** Extracted records **
--- START ---

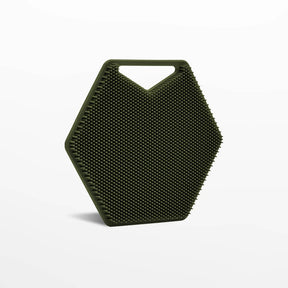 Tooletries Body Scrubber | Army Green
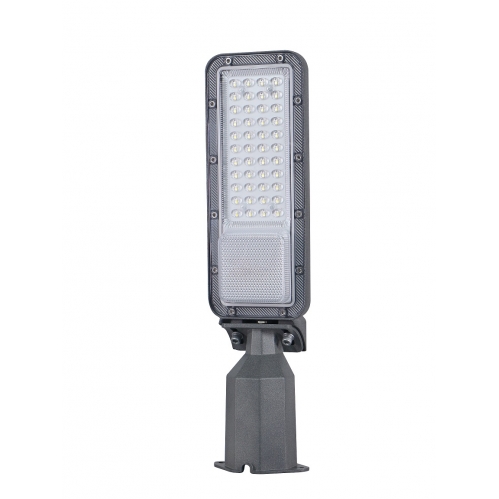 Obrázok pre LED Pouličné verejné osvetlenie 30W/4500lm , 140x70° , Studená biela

--- END ---
--- START ---

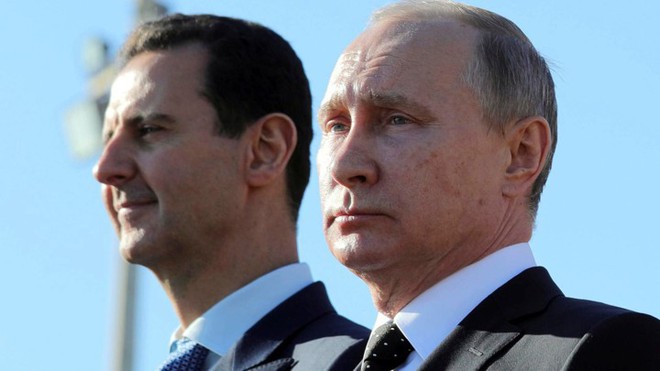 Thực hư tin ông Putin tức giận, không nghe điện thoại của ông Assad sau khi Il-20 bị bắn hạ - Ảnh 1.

--- END ---
--- START ---

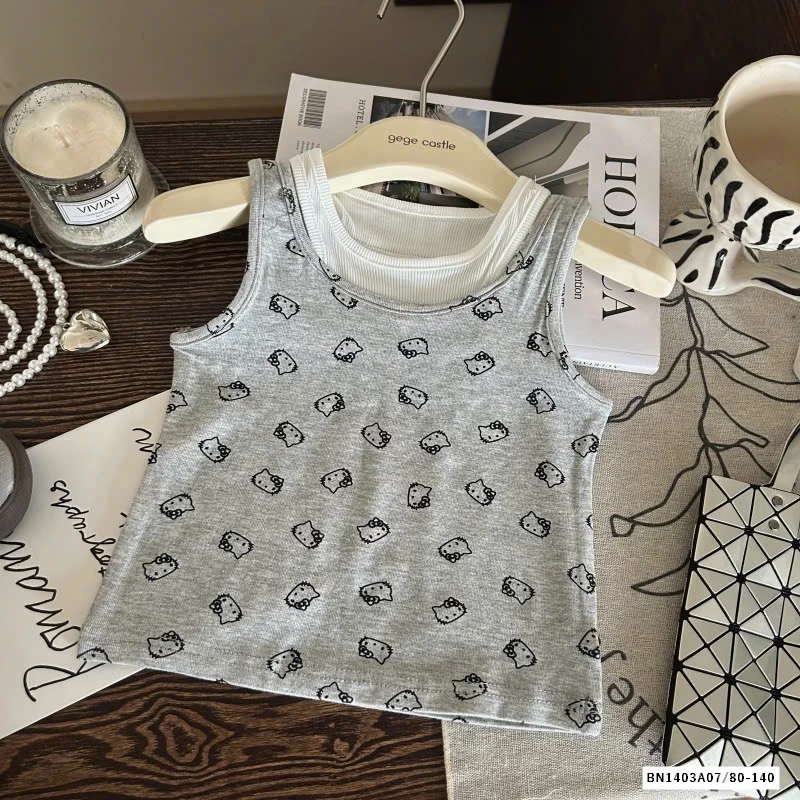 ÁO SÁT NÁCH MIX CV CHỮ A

--- END ---

** Aim of the task **
Look back over the records above. Reproduce exactly everything from the line with "Tooletries Body Scrubber | Army Green" down to the line with "Obrázok pre LED", inclusive, and leave the pictures out.

** Output of the exercise **
 Tooletries Body Scrubber | Army Green
 Obrázok pre LED Pouličné verejné osvetlenie 30W/4500lm , 140x70° , Studená biela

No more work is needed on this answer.